Rasante Polizistin für zu flotte Einsatzfahrt vor Gericht
Von Patrick Wammerl
In der Ausbildung lernen Polizeibeamte, bei Gefahr im Verzug den Dienstwagen „einsatzmäßig“ zu steuern – mit Blaulicht, Folgetonhorn und auch flotter als sonst üblich. Nichts anderes hat eine 29-jährige Polizisten aus Niederösterreich im vergangenen Mai gemacht. Weil sich jedoch die Kollegin am Beifahrersitz ängstigte und ein Motorradfahrer vom Streifenwagen geschnitten wurde, stellte die Staatsanwaltschaft Wiener Neustadt die Beamtin wegen Gefährdung der körperlichen Sicherheit vor Gericht.
Die 29-Jährige war gerade mit ihrer Kollegin auf Streife, als sie bei einer roten Ampel der Anruf ihres damaligen Lebensgefährten erreichte. Er sei beim Mountainbiken in den Weinbergen bei Gumpoldskirchen verunglückt. „Der Mann ist selbst Polizist bei einer Spezialeinheit und nicht zimperlich. Sie wusste, dass es was Ernstes ist“, sagt der Anwalt der Polizistin, Nikolaus Rast.
„Gab es für sie irgendeine andere Option, außer aufs Gas zu steigen?“, wollte die Richterin wissen. „Nein.“ Also schaltete sie Sirene und Blaulicht ein und düste los – zirka zehn Kilometer weit. „Ich hab an die örtlich zuständigen Kollegen einen Funkspruch abgesetzt, dass ein Angehöriger verunglückt ist und Hilfe benötigt. Sie sind auch zugefahren“, so die Polizistin.
Dass sie deshalb vor Gericht stehe, nahm die 29-Jährige derart mit, dass ihr bei der Befragung immer wieder die Tränen kamen. Auf der rasanten Fahrt zu dem Verletzten übersetzte sie mehrere Kreuzungen bei Rotlicht, überholte trotz Sperrlinien und demolierte letztlich auch eine Stahlfelge des Streifenwagen an einem Randstein. Auch das Aufleuchten des Warnsignals für einen Reifendruckverlust bremste sie nicht.
Sozialleistung als Strafe
Obwohl sie sich mit der mitfahrenden Kollegin sonst gut verstand, zeigte diese den Sachverhalt später an. Sie habe bei der rasanten Fahrt Angst bekommen.

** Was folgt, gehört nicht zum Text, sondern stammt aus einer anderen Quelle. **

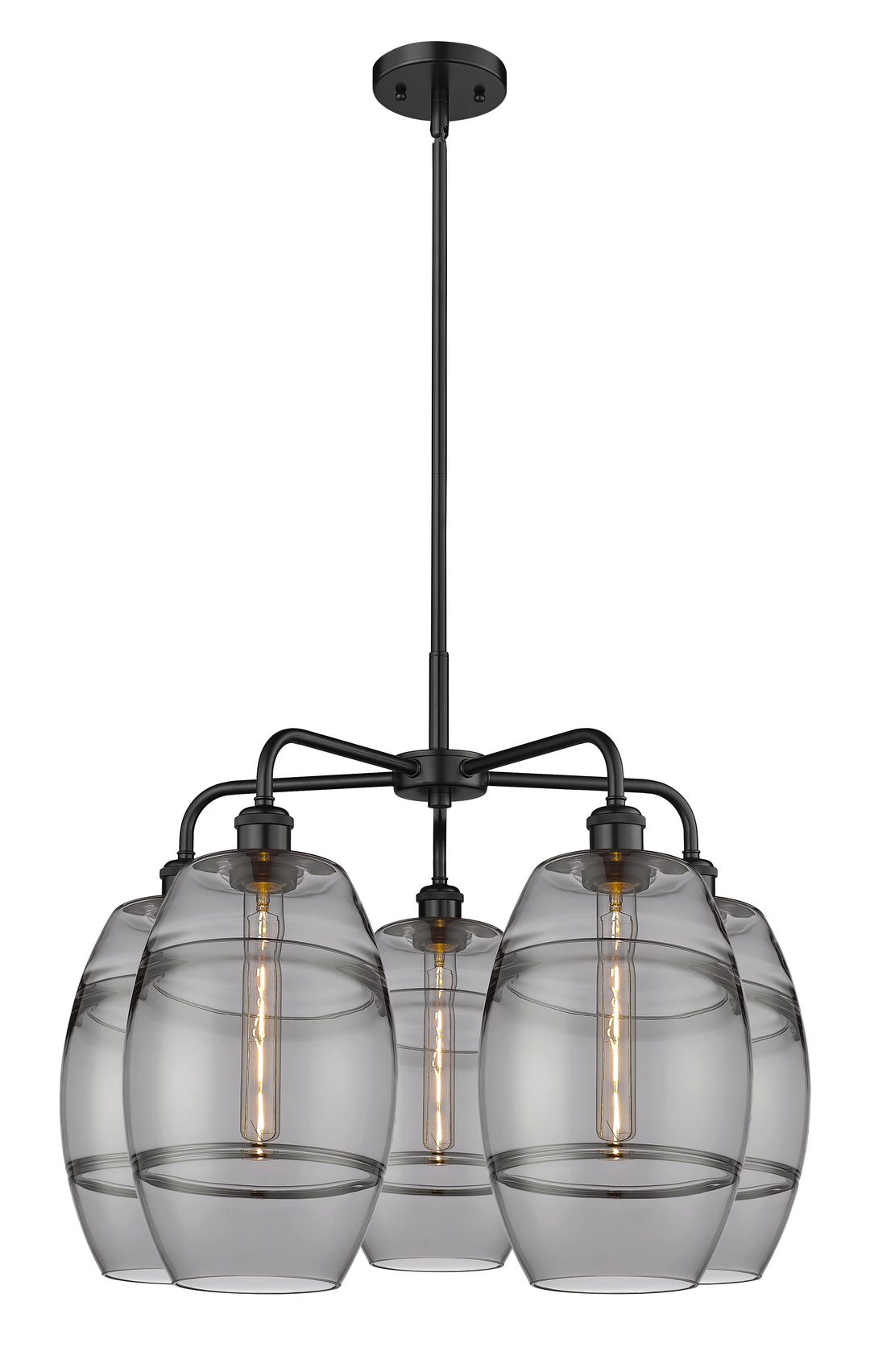 Innovations Lighting Vaz 8" Chandelier - Matte Black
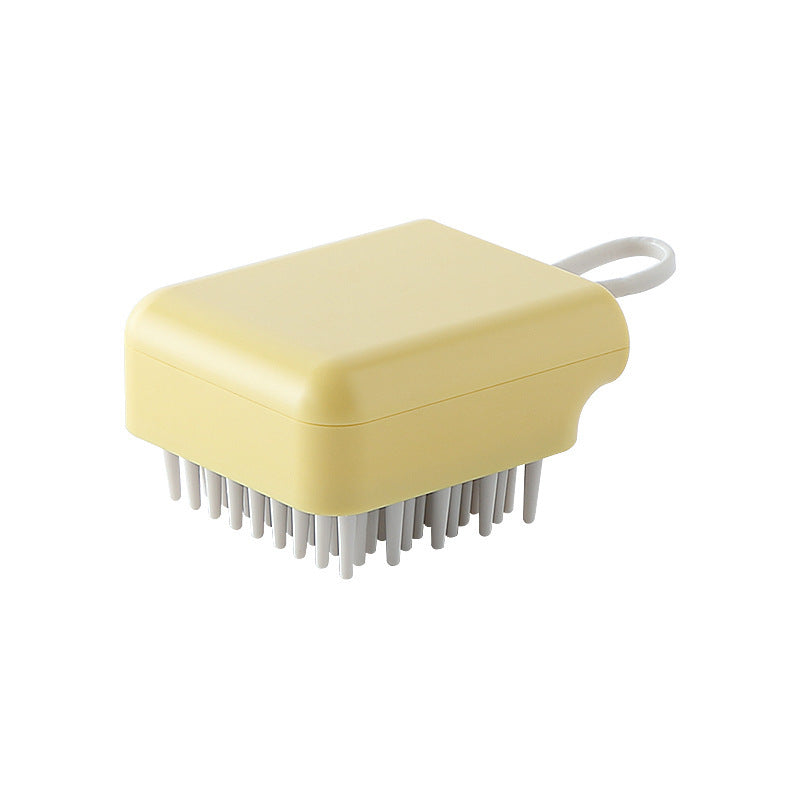Dual Function Pet Bath and Grooming Brush
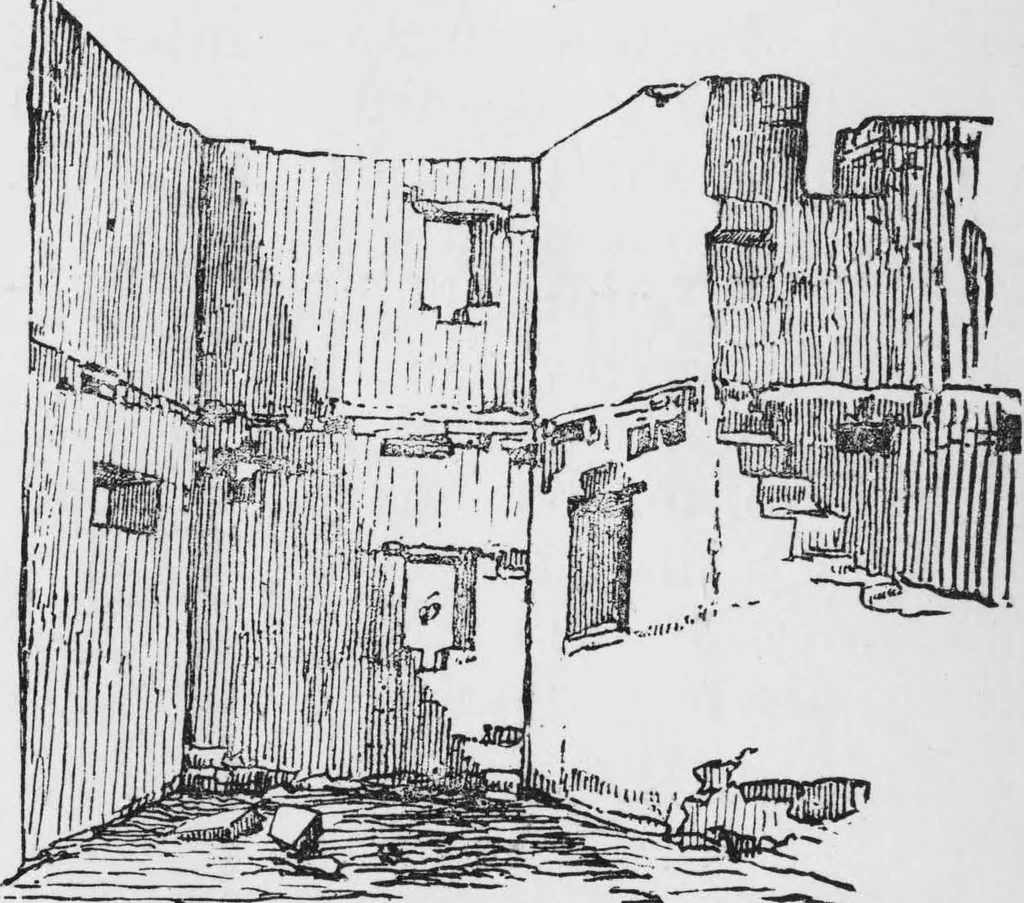 An illustration from Archaeological pamphlets, 1880, leaf 72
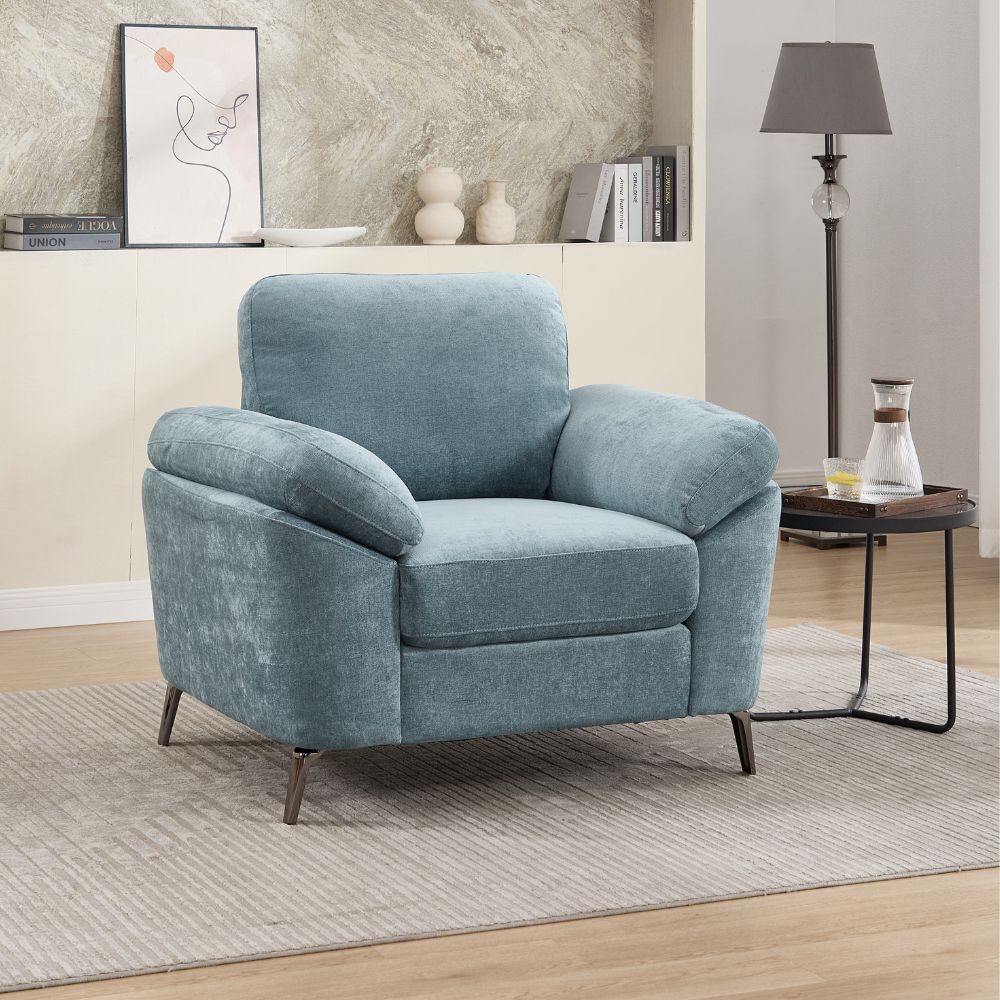 Camden Armchair In Teal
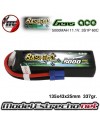 Gens Ace BASHING 5000mha 11,1v 50C 3S1P Lipo EC5 

Ref: B-50C-5000-3S1P-Bashing
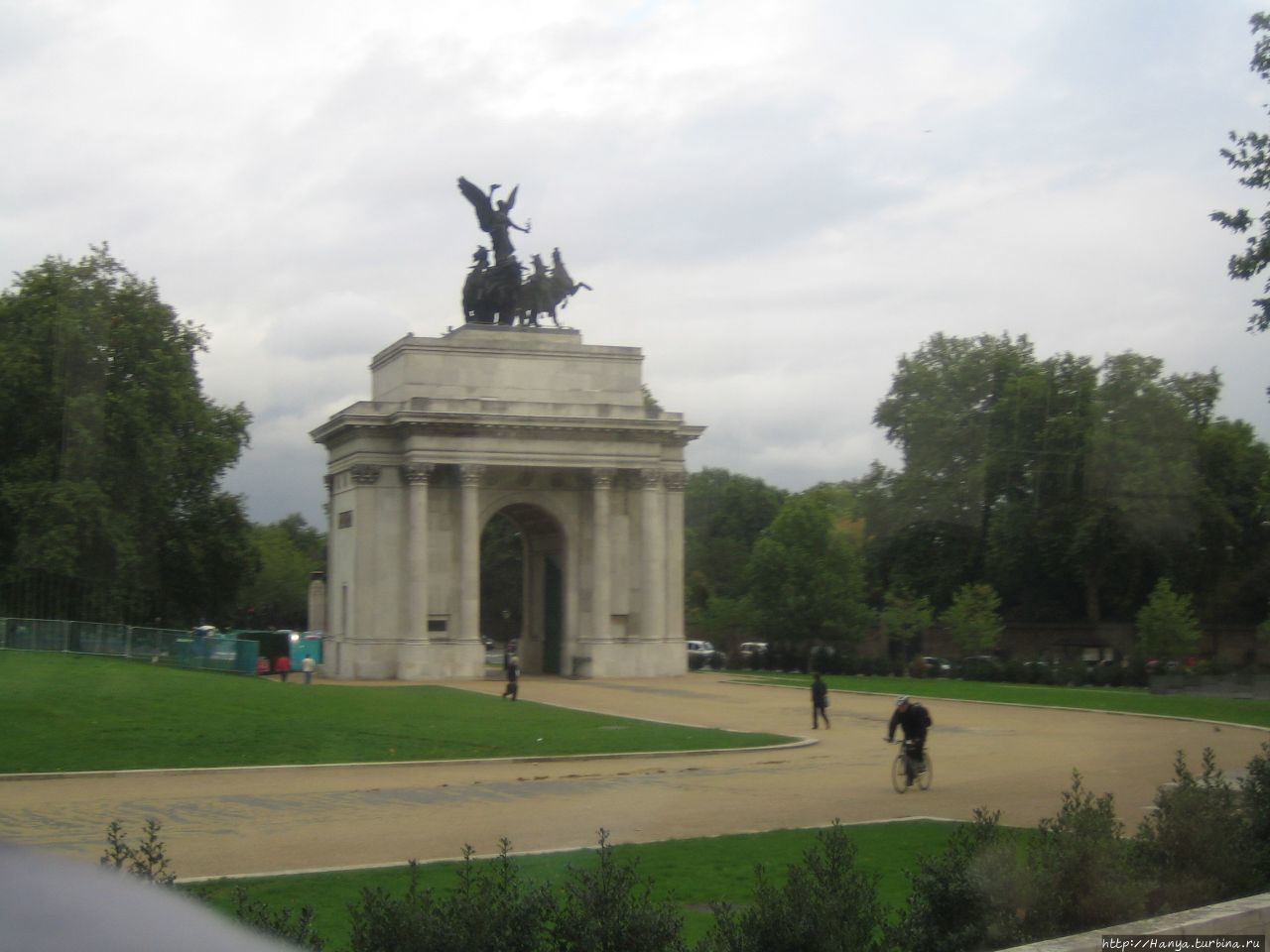 Арка Веллингтона в Лондоне Лондон, Великобритания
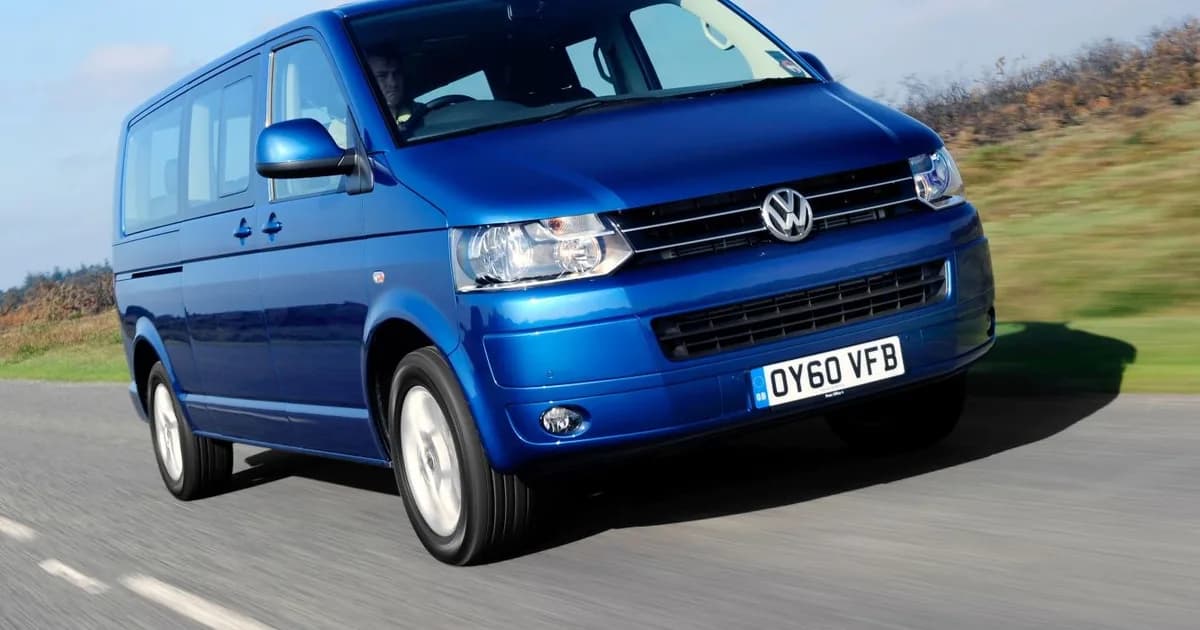 Volkswagen Caravelle (T5, facelift 2009) Long (2009–2015)
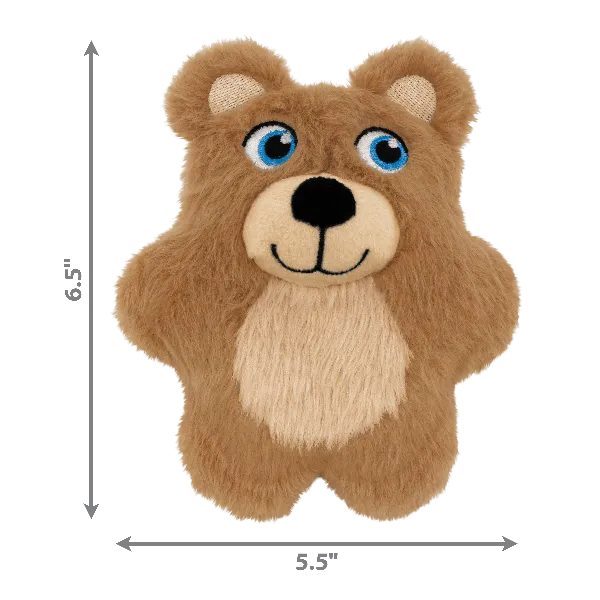KONG Snuzzles Kiddos Teddy Bear Dog Toy
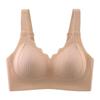 Second Generation Seamless Push-Up Bra for Women - Thin, No Underwire, Anti-Sagging, Side Bust Control
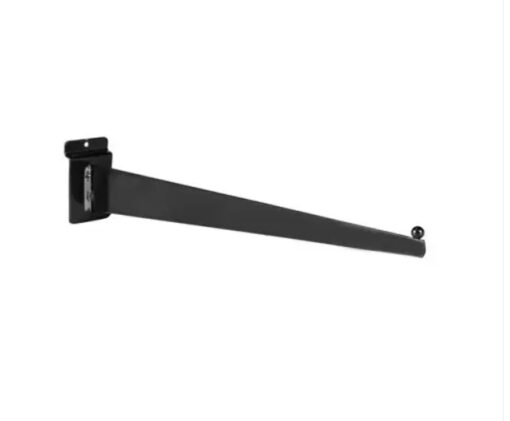 SUPORTE PRETO FACA PARA CANALETADO 35CM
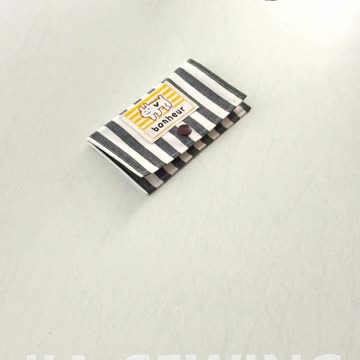 Single Fabric Wallet👛✨ | DIY | Quick Sewing Tips No.309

Aus medizinischer Sicht war die Einsatzfahrt zu dem verunglückten Biker absolut gerechtfertigt, sagt Rast. Der Mann wurde schwer verletzt ins Krankenhaus eingeliefert. Auch die Richterin hatte großes Nachsehen mit der Beschuldigten: „Wenn es der Freund von der Kollegin gewesen wäre, würde sie die Gefährdungslage anders sehen“. Die Strafe fiel daher mit 50 Stunden gemeinnützige Leistung so gering wie möglich aus. Die Polizei prüft eine Disziplinarstrafe.